David van der Want
MA Clinical Psychology (RAU)
Every time you don't follow your inner guidance, you feel a loss of energy, loss of power, a sense of spiritual deadness. - Shakti Gawain
Orientation to Psychotherapy
We are all simultaneously creating and being created by our worlds
My training as a clinical psychologist was in the relationally focused systemic and interactional models of psychotherapy. This approach places great emphasis on relationship and seeks to understand how our behaviour, our sense of self and our understanding of the world is embedded in the patterning of our relationships, both in our early environments and in our current life circumstances.
In this sense we are all simultaneously creating and being created by our worlds - our experiences of distress, joy, pain, sadness, wonder and awe, our being in our worlds can be seen as the outworking of the relational patterning of our lives. Being in relationship as spouse, parent, child, friend, colleague, employer is a creative act that gives rise to the reality that we inhabit.

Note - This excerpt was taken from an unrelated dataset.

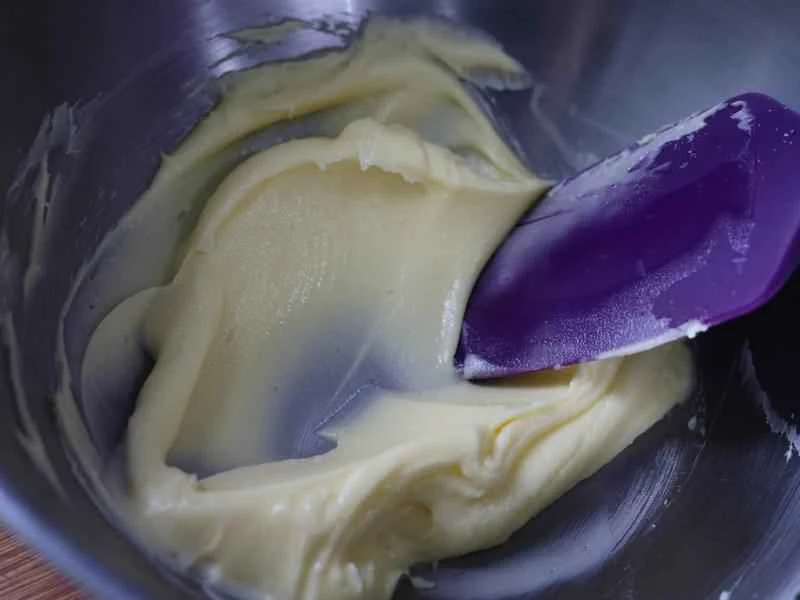 How to make pure milk hand-torn toast: Step 1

In the light of this, the therapeutic relationship becomes an arena for creative exploration and potentially for the repatterning of our responses to both ourselves and others. I view the therapeutic relationship as a privileged and sacred space characterised by warmth, deep understanding, openness and genuineness. My therapeutic stance is an attempt to engage in deep and non-threatening understanding of the other - my efforts are directed at creating with the client a space of open, non-judgemental communication where I work to listen with sensitivity, intuition and intelligence and to speak from a coherent, informed, compassionate and "useful" position.
Within this broad framework I tailor my approach to adapt to the needs of the client and the particulars of the client's circumstances. I draw on a broad range of theoretical knowledge that includes cognitive behavioural therapy, systemic and interactional therapy, gestalt therapy and is also influenced by narrative therapy and the solutions oriented and focused approaches. I endorse the family therapist, Lynn Hoffman's position that the training of psychotherapists should also draw on literature, drama and poetics as the understanding of the human spirit offered by the great writers and artists often surpasses the dry and watered down version offered by much psychological theorising.

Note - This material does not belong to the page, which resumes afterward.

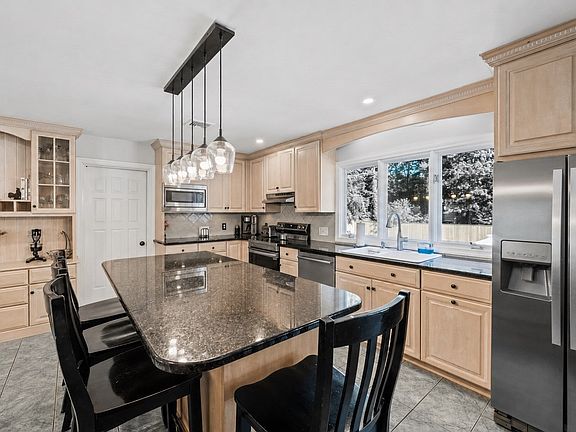 5th image of 114 Longwater Dr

My orientation to therapy de-emphases diagnosis and treatment in favour of exploration, growth and creativity. While I believe it is foolhardy to abandon the medical model's diagnostic language in it's entirety I favour a language that emphasises soul, being and human possibility.

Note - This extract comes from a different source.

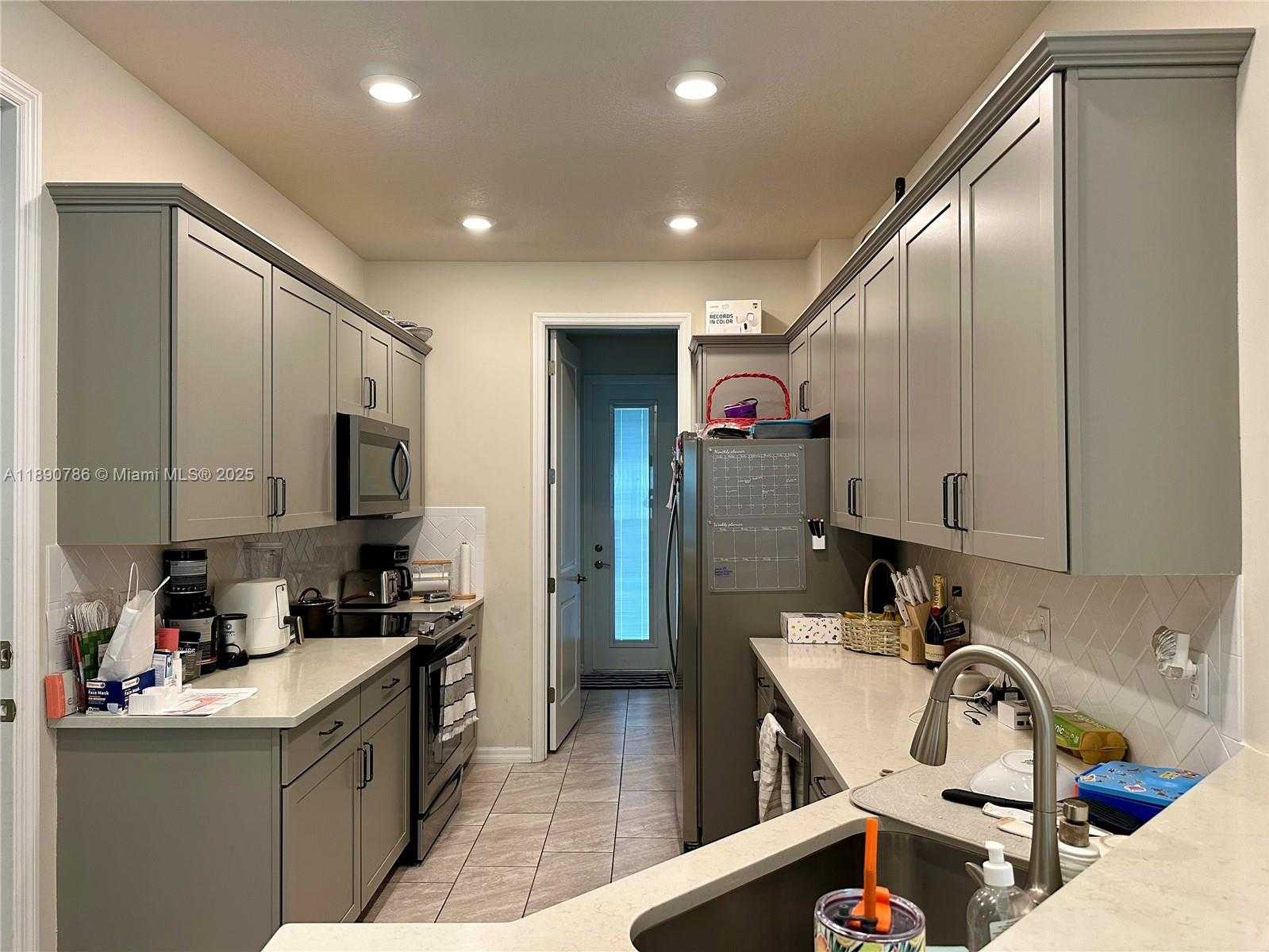 Small Image of 4144 GREENWAY DR #4144, Hollywood Number 9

To elaborate slightly - I believe that the approach traditionally taken to problems of living such as depression and anxiety implies that such "problems" are amenable to diagnosis treatment and ultimately cure. I am not convinced of this and believe that often "symptoms" of distress are a indicators requiring more subtle examination. Sometimes such experiences can be likened to "growth pains", sometimes they are signposts pointing like a compass needle to aspects of our lives that require attention and sometimes they may be a calling for us to grow in a different direction, one that we perhaps find threatening or that may require change and adjustment in our relationships.
Some questions and answers about my therapeutic style
Do you offer advice?
Literature about psychotherapy and counselling indicates that advice is not generally useful. The reasons for this include the following; it tends to be offered in place of understanding, it may mean the therapist is taking too much responsibility for the client's actions and that it may provide too simplistic an understanding of the client's situation - "just do this and then everything will be ok".
However, my approach to therapy is active and involved. I tend to be direct in my therapeutic style and if advice is requested I will offer a clear sense of my understanding of the situation. This may not necessarily include explicit advice but I believe that clients should leave a session with a sense of having "got" something, ideally an enriched understanding that allows for a clearer sense of direction and capacity to act.
Do I have to delve deeply into my childhood in therapy?
The answer to this is an equivocal "depends". If you have a sense that your childhood experiences are having a significant impact on your life then it may be useful to explore these. However, my orientation suggests to me that we cannot change what has happened but we can effect change and growth in the here and now. It is often useful to speak about the past, particularly if there is significant emotion attached to it but I do not believe that understanding our past by itself necessarily frees us from it's effects on our present.
How many sessions will I require?
This is a very difficult question to answer and it depends significantly on the reason that you are seeking therapy and a variety of other factors. While I do practice long term therapy if it is indicated the majority of therapies are of short to medium duration. I believe that if after four or five meetings a client does not have a sense of having moved in a desired direction or at least that there is a sense that some progress has been made then something is amiss.
My approach is that my door is open for as long as the client has a sense that the therapy is offering them something. In many situations an initial series of 5 to 10 weekly consultations followed by a series of follow up consultations staggered at fortnightly and then monthly intervals is sufficient.
A lot depends on the client's need though and many clients enter long term therapies to address ongoing difficulties.